There is a problem in this logic and it is the Kinematics. Forward and inverse kinematics relies on an accurate joint angle measurement. to know where the end effector is and where it should be moved. If accuracy is poor, then there might be a stackup in the Kinematic calculation resulting in large error.

The high repeatability is more important when controlling each joint individually.

If we are sponsored with free sensors we me as well used the best ones available.

Simple Trig & the Tolerance Stackup

Current arm is ~1m which is 1000mm. Lets ignore backlash for now and just focus on the accuracy and repeatability of an encoder. These encoders should be placed after all backlash anyways.

The accuracy of a high end encoder from RLS is ±0.05° this translates into a repeatability of about ±0.01° (1/5th - 1/10th the value for accuracy)

The zone of tolerance and stackups are shown below qualitatively. It is assumed the joints are stiff and have no play. It is also assumed the link lengths have no error, and the joints are square and concentric.

All of the diagrams represent a 2D robot. The gray bars are the links of the arm. of where is should be. The red dots are the point points of each link. The blue dots represent where the arm could be within the accuracy rating of the imaginary encoder on each joint. This is to help better visualize what is important when calculating tolerance stackups.

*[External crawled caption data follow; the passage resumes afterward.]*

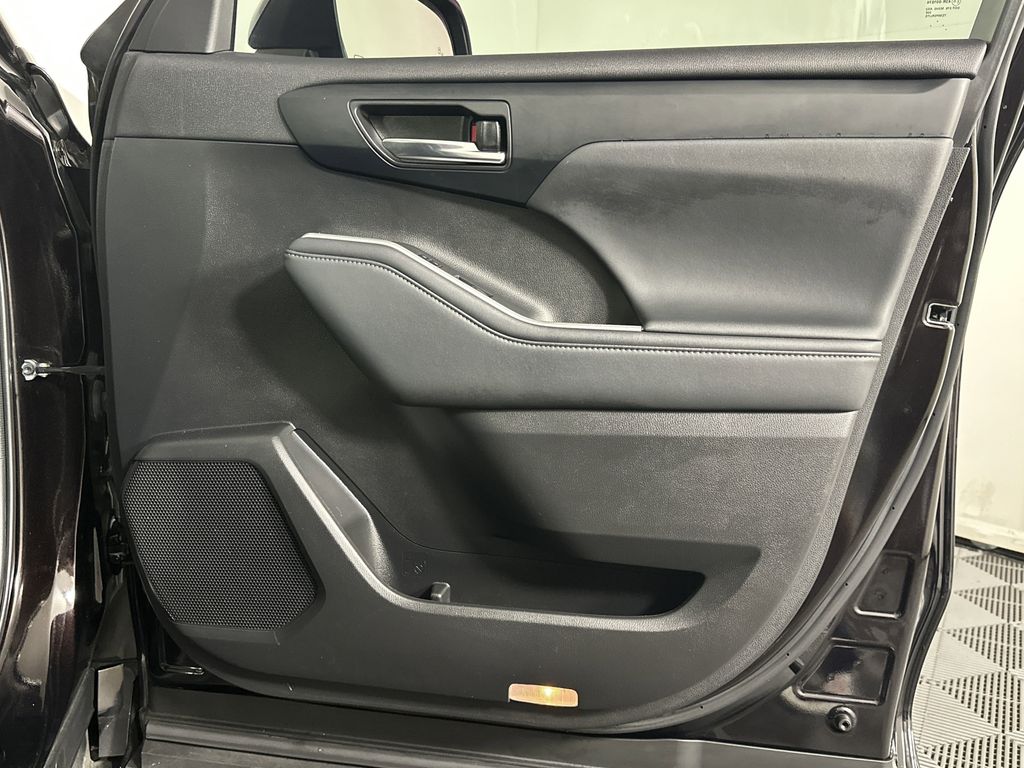 used 2022 Toyota Highlander car, priced at $34,711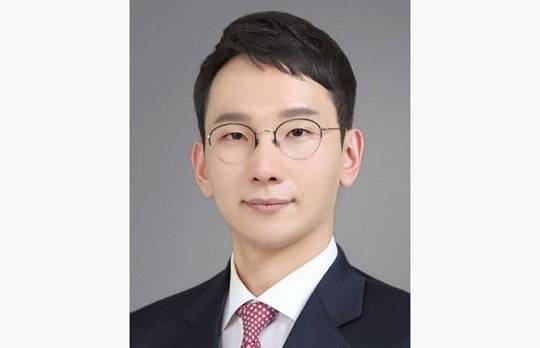 대통령실 청년대변인에 내정된 국민의힘 박민영 대변인은 과거 극우 성향 커뮤니티 ‘일베’의 표현을 사용했다는 의혹에 대해 동생이 몇몇 게시글을 작성했다는 이야기를 듣고 삭제 조치를 해달라고 요구했다고 해명했다.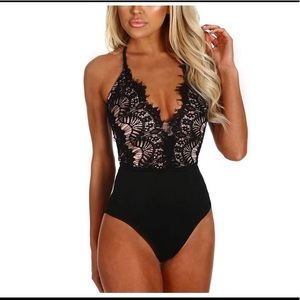 BLACK LACE BODYSUIT SMALL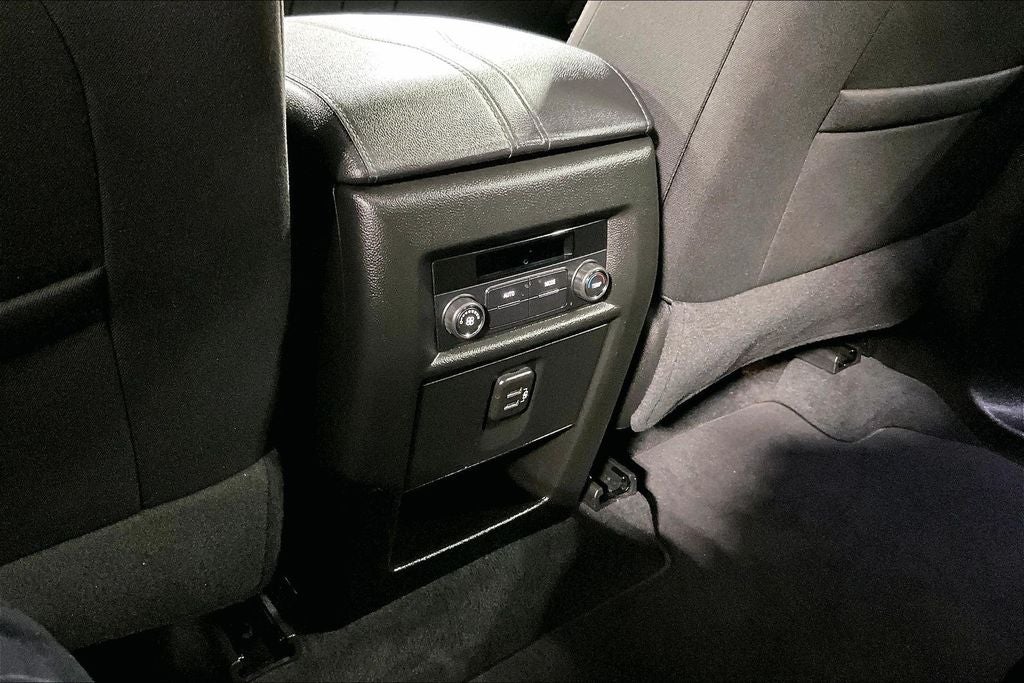 2023 Chevrolet Traverse FWD LT Cloth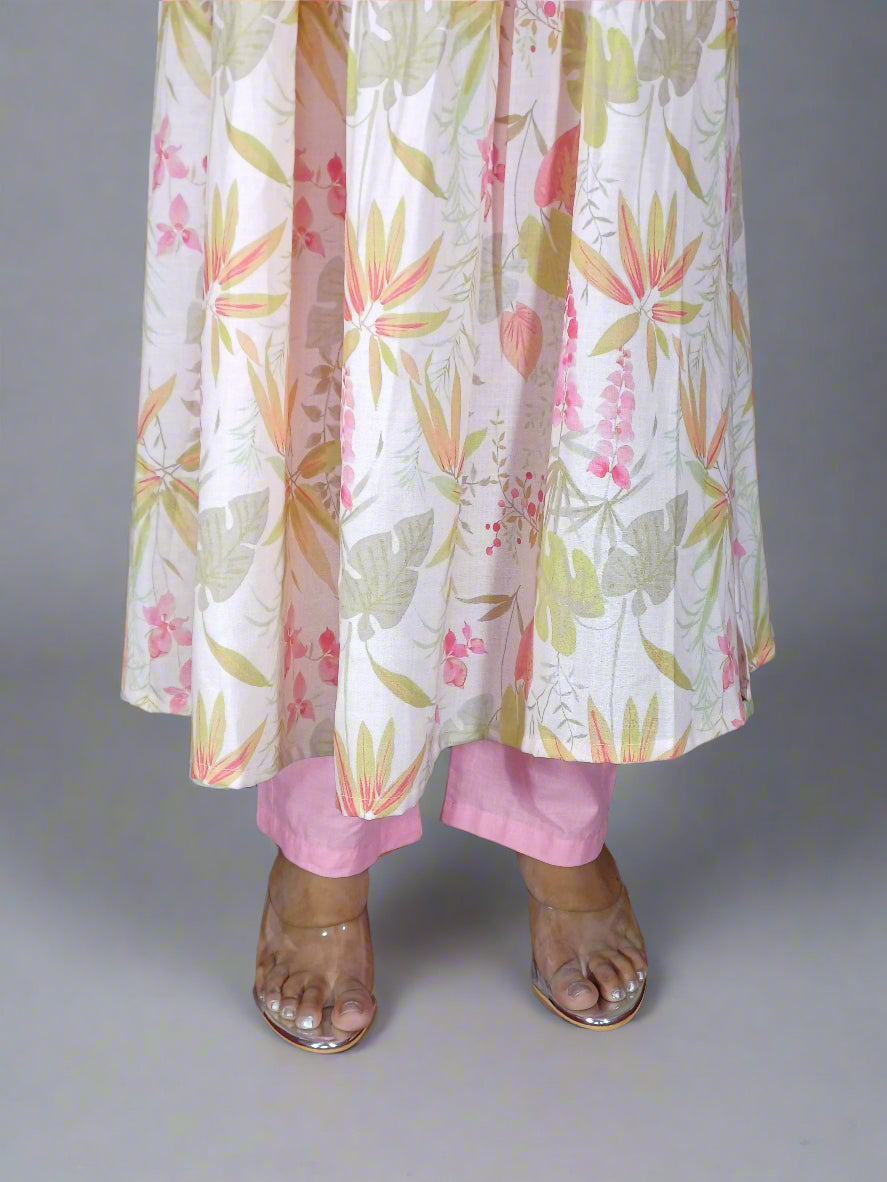 Saanvi Three Piece Straight Cut Kurti Set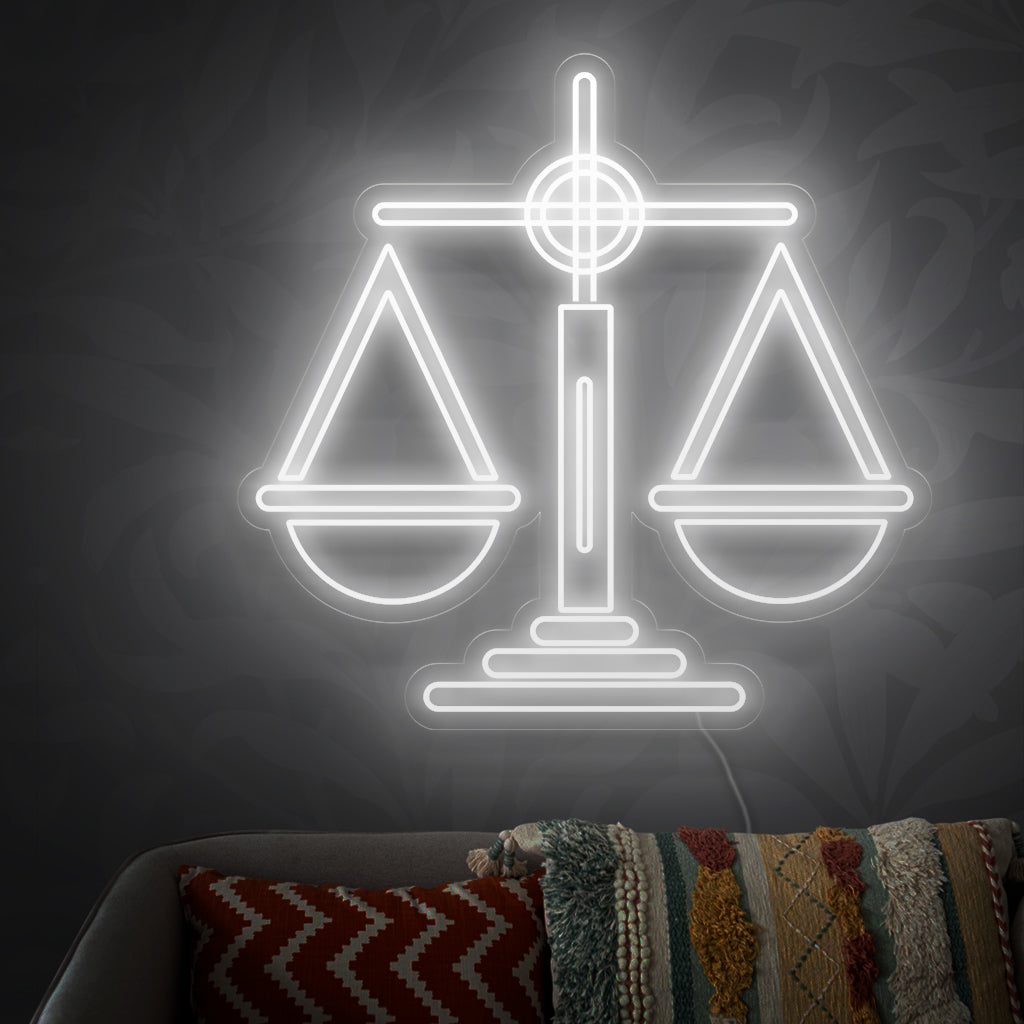 "Scales Neon Sign" symboloi tasapainoa ja oikeudenmukaisuutta luoden hienostunutta ja harmonista hehkua tilaan ja lisäämällä eleganttia silausta sisustukseen.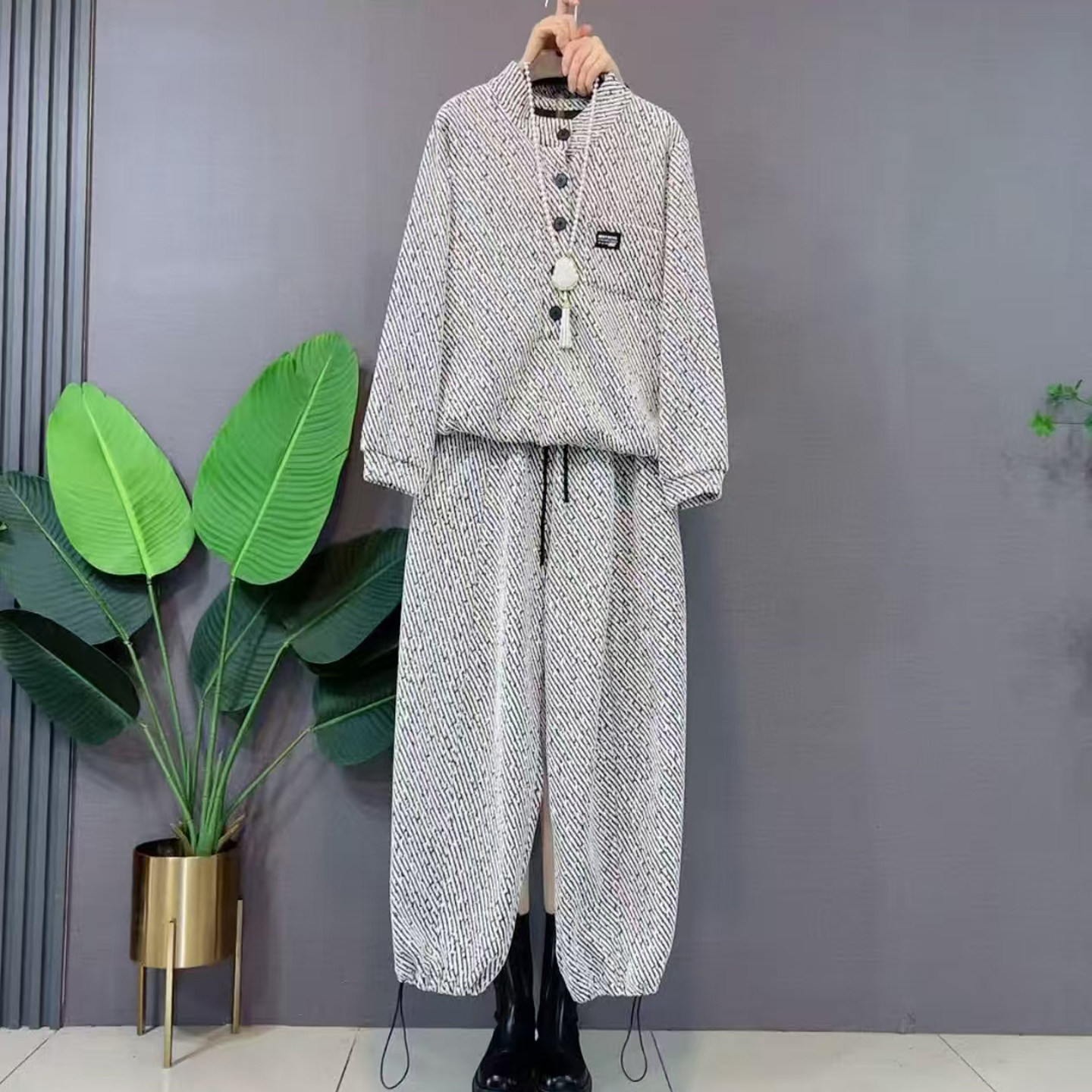 胖妹妹2026春季赫本风时尚休闲两件套气质减龄条绒裤子套装宽松潮,女装/女士精品,大码套装,淘宝优惠券,粉丝福利购,淘宝优惠卷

The accuracies are scaled down for visualization

Linkage	Encoder Accuracy	Diagram
straight position, equal lengths	5° each
straight position, decreasing lengths	5° each
straight position, increasing lengths	5° each
zig-zag, equal lengths	5° each
Arbitrary angles, equal lengths	5° each
straight position, equal lengths	1°, 1°, 9°, 9°
straight position, equal lengths	9°, 9°, 1°, 1°
straight position, decreasing lengths	1°, 1°, 9°, 9°
straight position, decreasing lengths	9°, 9°, 1°, 1°
straight position, increasing lengths	1°, 1°, 9°, 9°
straight position, increasing lengths	9°, 9°, 1°, 1°
zig-zag, equal lengths	1°, 1°, 9°, 9°
zig-zag, equal lengths	9°, 9°, 1°, 1°
Arbitrary angles, equal lengths	1°, 1°, 9°, 9°
Arbitrary angles, equal lengths	9°, 9°, 1°, 1°

From this we can draw a few crude conclusions. To get the smallest zone of tolerance at the end effector it is best to stick the most accurate sensors near the root of the arm. It is best to decrease the length of each linkage the farther you go from the root. This will also be true for repeatibility, and backlash of each joint.